What needs to be done -
Skip the pictures. Quote every line below, exactly, from the one with "69 - 1821 Crown, Edge" through the final line.

Input records -
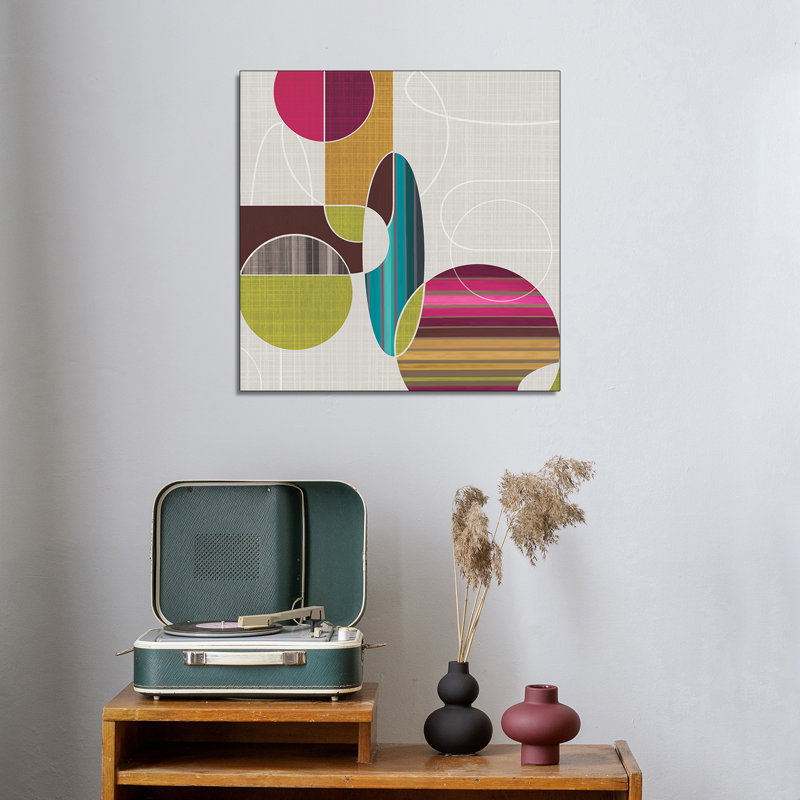 Impression sur toile en métal, Steplix, "Blast From The Past I" par Tandi Venter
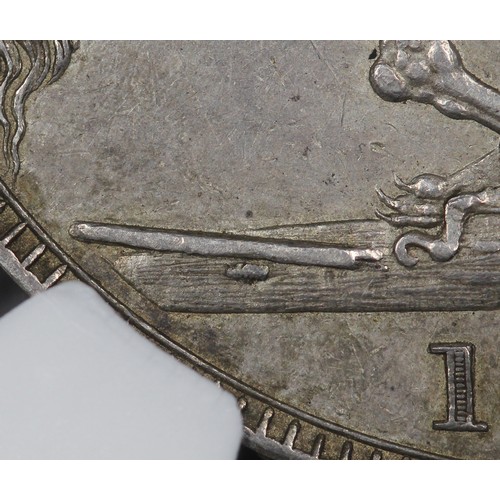 69 - 1821 Crown, Edge Secundo, George IV (Bull 2311, S.3805). WWP for William Wellesley Pole inverted und... 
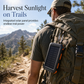 Waterproof Outdoor Solar Power Bank with Compass Large Capacity Portable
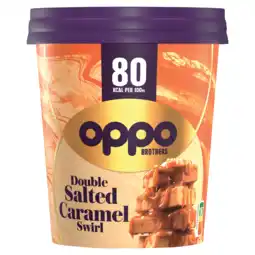 PLUS Oppo Pint double salted caramel swirl aanbieding
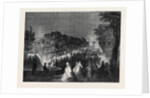 View from the Round Point in the Champs Elysees the Imperial Fetes at Paris by Anonymous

Your response -
 69 - 1821 Crown, Edge Secundo, George IV (Bull 2311, S.3805). WWP for William Wellesley Pole inverted und... 
 Waterproof Outdoor Solar Power Bank with Compass Large Capacity Portable
 PLUS Oppo Pint double salted caramel swirl aanbieding
 View from the Round Point in the Champs Elysees the Imperial Fetes at Paris by Anonymous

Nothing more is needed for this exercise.